Supported by
Mobile Phones
MacBook Pro M4 vs. Dell XPS 16: Apple wins the performance battle
Apple's M4 Pro chip outpaces the XPS 16 by more than a third in sustained CPU work and lasts nearly six hours longer on a charge.

The MacBook Pro M4 Pro and Dell XPS 16 are the two laptops professionals reach for in 2025. Both cost around $2,500 in comparable configurations. In testing across CPU performance, GPU efficiency, and battery endurance, the MacBook is the stronger machine.
In CPU-bound professional workflows — video export, code compilation, and photo processing — the MacBook Pro M4 Pro outperformed the XPS 16 by an average of 34% across the benchmark suite. Under sustained all-day load tests the gap widened further: the MacBook maintained peak performance throughout, while the XPS throttled under extended workloads, a limitation that compounds during full production days.
The GPU comparison favors the MacBook in real-world tasks despite the XPS 16's discrete hardware. In 4K video export and ML inference benchmarks, the MacBook Pro M4 Pro's unified memory architecture outpaced the XPS 16's Nvidia RTX 4070 laptop GPU by 22% on average. The Dell's discrete GPU advantage surfaces in synthetic benchmarks; in the creative and professional tasks that define actual daily use, the MacBook was consistently faster.

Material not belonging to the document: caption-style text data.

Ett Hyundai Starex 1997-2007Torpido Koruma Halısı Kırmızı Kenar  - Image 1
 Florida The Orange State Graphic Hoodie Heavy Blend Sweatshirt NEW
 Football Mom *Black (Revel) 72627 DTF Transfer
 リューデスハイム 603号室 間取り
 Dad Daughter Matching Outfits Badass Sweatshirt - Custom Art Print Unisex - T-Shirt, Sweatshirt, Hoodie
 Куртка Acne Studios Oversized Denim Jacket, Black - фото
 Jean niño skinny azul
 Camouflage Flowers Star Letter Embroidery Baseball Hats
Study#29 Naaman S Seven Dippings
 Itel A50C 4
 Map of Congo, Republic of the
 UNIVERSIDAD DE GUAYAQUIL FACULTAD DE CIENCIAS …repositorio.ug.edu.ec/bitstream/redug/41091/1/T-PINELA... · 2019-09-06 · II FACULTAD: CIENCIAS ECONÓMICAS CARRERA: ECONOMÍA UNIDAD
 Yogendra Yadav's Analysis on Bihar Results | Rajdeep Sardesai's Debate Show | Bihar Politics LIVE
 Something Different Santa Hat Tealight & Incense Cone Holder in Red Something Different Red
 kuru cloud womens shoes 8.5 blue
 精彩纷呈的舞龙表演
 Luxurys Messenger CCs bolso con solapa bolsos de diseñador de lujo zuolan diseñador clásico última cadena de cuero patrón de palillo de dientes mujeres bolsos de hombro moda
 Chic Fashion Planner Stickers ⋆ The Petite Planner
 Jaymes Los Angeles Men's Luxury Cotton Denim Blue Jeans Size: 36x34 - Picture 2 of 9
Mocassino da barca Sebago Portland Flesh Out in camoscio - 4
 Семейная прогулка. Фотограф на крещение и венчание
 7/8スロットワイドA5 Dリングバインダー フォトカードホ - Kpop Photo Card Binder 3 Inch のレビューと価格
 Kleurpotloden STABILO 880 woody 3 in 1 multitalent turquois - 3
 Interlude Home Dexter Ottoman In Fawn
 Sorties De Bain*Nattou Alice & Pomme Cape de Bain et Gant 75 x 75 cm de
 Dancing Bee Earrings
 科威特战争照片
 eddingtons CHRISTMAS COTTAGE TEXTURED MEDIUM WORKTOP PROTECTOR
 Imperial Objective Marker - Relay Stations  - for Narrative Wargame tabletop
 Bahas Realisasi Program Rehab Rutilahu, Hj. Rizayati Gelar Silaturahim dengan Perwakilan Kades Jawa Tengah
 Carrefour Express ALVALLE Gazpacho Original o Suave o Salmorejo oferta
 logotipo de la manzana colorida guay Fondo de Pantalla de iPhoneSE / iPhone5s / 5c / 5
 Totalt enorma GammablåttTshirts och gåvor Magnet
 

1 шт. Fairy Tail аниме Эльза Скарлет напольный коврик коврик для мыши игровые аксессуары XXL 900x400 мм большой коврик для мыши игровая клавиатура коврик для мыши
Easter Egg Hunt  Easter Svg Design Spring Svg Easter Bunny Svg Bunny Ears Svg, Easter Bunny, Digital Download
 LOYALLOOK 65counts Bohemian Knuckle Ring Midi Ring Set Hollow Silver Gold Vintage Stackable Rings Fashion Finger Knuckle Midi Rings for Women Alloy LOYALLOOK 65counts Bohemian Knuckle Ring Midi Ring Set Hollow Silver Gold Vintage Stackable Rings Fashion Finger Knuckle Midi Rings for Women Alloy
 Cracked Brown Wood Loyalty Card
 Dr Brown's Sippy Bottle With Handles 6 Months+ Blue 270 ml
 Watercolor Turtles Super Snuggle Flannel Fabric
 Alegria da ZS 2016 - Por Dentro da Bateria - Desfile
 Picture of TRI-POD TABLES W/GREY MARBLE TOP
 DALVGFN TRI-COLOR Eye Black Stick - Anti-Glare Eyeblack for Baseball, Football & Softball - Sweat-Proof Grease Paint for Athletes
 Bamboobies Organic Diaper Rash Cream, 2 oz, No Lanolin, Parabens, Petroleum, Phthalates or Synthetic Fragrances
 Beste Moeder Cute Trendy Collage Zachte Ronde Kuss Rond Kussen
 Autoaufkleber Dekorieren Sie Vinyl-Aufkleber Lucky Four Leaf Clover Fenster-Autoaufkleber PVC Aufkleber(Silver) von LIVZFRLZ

Battery life is where the comparison becomes one-sided. In mixed productivity testing, the MacBook Pro M4 Pro ran for 14 hours 22 minutes against the XPS 16's 8 hours 31 minutes. The Dell requires either a charger nearby or deliberate power management for full-day use. The MacBook simply does not.
The Dell XPS 16 offers an excellent OLED display, and it remains a capable professional machine. But in CPU performance, real-world GPU efficiency, and battery life, the MacBook Pro M4 Pro holds decisive advantages — and for the professional who works unplugged, those advantages define the day.